> [TRY IT]:
From the line with "Swinomish Channel tide" to the last line of the material, both inclusive, transcribe every line exactly and nothing else.

> [SUPPLIED ENTRIES]:
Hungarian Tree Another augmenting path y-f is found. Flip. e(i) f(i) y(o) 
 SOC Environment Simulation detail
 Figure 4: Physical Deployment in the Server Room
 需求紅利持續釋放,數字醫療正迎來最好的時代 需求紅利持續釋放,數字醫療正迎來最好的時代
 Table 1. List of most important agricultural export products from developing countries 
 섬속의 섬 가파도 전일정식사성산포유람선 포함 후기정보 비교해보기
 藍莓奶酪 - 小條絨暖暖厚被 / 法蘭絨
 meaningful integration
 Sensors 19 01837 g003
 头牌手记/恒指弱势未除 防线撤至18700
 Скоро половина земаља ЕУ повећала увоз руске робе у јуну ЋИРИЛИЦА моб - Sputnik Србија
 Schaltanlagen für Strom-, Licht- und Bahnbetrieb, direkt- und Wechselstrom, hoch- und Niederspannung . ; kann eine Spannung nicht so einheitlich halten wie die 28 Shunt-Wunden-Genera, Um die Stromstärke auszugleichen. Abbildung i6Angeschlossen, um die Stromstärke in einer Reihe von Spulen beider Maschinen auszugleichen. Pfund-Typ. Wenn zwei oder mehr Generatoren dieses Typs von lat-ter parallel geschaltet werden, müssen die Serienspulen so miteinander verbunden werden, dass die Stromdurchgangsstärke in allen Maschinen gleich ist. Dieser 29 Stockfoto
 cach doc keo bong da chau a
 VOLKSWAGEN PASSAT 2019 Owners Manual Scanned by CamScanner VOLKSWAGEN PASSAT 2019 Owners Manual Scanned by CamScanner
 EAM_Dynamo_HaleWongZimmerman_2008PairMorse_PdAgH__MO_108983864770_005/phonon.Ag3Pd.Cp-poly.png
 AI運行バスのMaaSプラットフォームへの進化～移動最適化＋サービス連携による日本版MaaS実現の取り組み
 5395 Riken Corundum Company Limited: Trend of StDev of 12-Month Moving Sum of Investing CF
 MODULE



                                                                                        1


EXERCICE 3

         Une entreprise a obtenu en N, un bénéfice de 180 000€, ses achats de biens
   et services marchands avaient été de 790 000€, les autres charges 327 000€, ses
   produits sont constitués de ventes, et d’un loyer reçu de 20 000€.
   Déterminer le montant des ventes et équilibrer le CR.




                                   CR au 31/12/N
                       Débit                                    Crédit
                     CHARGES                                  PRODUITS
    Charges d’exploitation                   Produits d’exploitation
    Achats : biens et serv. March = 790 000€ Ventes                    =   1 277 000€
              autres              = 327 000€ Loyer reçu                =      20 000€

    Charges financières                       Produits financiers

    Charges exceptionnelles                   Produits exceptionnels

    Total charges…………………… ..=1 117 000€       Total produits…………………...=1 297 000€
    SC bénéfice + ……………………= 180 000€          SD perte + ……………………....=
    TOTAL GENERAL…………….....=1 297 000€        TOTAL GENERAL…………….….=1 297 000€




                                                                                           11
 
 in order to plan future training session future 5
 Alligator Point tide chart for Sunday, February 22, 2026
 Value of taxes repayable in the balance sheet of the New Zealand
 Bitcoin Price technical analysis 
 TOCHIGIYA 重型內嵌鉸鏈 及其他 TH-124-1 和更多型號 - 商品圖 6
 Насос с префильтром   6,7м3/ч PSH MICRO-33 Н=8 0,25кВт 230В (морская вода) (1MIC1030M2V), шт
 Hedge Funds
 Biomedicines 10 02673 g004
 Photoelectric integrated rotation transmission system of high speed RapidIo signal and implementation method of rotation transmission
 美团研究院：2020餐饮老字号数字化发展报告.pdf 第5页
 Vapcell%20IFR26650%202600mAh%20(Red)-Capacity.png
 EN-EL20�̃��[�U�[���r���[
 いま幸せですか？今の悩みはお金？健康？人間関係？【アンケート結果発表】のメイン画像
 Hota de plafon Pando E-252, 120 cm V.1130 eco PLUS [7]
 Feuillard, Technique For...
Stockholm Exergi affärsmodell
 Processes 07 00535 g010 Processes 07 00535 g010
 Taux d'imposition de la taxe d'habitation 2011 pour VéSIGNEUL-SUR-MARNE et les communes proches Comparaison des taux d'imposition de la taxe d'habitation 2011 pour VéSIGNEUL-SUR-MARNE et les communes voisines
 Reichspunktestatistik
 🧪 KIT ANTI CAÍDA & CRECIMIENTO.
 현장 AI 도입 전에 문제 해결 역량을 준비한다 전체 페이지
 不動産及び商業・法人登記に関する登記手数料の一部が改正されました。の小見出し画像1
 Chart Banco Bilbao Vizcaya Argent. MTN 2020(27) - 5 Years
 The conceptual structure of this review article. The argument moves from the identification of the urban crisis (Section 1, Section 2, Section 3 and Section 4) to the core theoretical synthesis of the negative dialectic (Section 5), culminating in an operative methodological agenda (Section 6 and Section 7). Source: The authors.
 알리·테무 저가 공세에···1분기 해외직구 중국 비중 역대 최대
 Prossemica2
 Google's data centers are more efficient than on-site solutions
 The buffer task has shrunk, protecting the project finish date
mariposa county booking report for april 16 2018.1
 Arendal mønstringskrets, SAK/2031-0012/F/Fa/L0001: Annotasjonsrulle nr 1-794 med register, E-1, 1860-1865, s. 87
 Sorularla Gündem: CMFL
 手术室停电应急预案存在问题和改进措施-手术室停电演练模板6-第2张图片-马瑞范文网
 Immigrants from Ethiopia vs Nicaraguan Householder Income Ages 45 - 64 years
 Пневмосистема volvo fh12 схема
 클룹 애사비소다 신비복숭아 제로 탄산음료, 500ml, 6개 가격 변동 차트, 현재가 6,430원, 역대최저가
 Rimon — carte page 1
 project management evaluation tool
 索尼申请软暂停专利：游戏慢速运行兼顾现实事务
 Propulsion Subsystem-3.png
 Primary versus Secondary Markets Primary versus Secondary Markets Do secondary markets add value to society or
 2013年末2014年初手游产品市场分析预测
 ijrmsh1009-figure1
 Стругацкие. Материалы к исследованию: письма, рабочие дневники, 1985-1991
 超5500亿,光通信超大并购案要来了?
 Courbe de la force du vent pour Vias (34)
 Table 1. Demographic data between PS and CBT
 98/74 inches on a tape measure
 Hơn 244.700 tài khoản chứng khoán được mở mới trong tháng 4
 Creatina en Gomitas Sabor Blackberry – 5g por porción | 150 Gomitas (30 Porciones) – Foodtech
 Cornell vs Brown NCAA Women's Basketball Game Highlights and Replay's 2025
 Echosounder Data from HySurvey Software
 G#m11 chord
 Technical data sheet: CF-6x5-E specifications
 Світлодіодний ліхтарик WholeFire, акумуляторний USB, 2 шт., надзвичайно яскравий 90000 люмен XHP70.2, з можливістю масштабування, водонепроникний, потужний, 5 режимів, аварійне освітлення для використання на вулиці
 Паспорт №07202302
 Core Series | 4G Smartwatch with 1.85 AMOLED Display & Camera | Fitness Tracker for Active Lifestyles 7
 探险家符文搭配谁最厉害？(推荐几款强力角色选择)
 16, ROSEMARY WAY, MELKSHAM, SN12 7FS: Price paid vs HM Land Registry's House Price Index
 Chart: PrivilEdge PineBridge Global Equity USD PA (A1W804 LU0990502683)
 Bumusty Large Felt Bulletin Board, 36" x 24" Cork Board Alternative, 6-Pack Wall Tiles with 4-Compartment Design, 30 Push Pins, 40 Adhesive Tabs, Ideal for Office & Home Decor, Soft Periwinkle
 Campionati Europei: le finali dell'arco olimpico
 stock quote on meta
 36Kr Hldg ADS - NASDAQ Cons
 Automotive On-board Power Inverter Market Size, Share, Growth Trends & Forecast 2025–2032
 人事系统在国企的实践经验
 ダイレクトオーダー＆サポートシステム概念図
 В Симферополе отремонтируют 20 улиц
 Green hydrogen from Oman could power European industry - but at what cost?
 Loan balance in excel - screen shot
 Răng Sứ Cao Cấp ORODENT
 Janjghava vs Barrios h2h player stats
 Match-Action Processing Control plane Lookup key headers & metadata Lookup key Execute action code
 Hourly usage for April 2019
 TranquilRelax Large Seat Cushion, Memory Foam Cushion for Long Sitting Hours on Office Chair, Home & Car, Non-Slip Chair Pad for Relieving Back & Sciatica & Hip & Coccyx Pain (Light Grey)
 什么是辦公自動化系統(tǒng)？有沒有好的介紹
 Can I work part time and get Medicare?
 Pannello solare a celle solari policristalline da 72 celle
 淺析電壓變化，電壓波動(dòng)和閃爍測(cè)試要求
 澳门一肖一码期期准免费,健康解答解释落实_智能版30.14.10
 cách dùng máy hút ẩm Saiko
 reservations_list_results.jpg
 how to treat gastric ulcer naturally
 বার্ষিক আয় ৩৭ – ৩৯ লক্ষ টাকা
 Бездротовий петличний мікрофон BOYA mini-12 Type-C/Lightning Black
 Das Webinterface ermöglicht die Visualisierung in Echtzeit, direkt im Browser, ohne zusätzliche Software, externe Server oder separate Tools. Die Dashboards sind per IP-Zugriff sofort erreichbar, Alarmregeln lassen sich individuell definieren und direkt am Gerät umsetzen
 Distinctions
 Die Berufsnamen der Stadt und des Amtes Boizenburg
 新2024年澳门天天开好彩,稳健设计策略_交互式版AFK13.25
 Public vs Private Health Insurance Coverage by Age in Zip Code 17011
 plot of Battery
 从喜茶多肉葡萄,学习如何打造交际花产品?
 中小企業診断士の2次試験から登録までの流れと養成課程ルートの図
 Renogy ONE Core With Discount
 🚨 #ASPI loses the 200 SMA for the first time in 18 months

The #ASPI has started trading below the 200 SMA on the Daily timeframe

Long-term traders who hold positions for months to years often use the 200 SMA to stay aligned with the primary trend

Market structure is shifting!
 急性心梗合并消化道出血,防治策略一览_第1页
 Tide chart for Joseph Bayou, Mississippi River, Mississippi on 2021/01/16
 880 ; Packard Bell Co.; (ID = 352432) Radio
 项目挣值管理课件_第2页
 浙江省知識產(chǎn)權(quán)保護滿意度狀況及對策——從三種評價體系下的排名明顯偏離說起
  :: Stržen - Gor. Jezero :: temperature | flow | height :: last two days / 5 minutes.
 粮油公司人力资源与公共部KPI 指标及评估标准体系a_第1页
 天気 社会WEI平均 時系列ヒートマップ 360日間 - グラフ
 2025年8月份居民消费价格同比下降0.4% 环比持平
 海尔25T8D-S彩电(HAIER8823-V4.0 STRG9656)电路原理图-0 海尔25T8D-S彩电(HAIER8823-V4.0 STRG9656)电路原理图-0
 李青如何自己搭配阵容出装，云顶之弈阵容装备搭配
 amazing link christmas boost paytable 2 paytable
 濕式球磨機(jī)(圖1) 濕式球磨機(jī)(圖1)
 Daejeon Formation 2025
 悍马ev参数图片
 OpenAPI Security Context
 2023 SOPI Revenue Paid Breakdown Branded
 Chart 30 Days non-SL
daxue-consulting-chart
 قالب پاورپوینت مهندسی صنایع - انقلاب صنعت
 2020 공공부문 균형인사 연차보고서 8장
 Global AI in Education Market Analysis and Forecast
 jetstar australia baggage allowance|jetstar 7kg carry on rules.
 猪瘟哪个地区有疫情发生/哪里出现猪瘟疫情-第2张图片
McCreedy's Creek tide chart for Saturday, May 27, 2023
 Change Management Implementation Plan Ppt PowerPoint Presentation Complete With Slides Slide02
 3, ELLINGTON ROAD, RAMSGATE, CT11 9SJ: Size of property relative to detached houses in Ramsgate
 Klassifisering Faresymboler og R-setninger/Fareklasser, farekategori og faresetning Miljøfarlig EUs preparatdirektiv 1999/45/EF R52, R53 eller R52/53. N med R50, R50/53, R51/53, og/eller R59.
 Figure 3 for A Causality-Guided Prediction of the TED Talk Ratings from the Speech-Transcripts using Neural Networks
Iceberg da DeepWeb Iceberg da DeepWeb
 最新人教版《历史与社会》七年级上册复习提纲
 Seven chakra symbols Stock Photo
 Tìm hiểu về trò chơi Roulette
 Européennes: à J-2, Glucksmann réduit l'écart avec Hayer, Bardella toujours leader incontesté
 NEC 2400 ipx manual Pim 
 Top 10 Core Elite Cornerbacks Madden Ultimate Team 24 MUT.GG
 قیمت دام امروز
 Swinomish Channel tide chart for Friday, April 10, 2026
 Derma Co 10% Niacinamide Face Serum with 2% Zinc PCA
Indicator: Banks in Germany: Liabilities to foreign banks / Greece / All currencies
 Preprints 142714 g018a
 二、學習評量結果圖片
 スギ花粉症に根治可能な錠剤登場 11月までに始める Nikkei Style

> [RESULT OF THIS EXERCISE]:
 Swinomish Channel tide chart for Friday, April 10, 2026
 Derma Co 10% Niacinamide Face Serum with 2% Zinc PCA
Indicator: Banks in Germany: Liabilities to foreign banks / Greece / All currencies
 Preprints 142714 g018a
 二、學習評量結果圖片
 スギ花粉症に根治可能な錠剤登場 11月までに始める Nikkei Style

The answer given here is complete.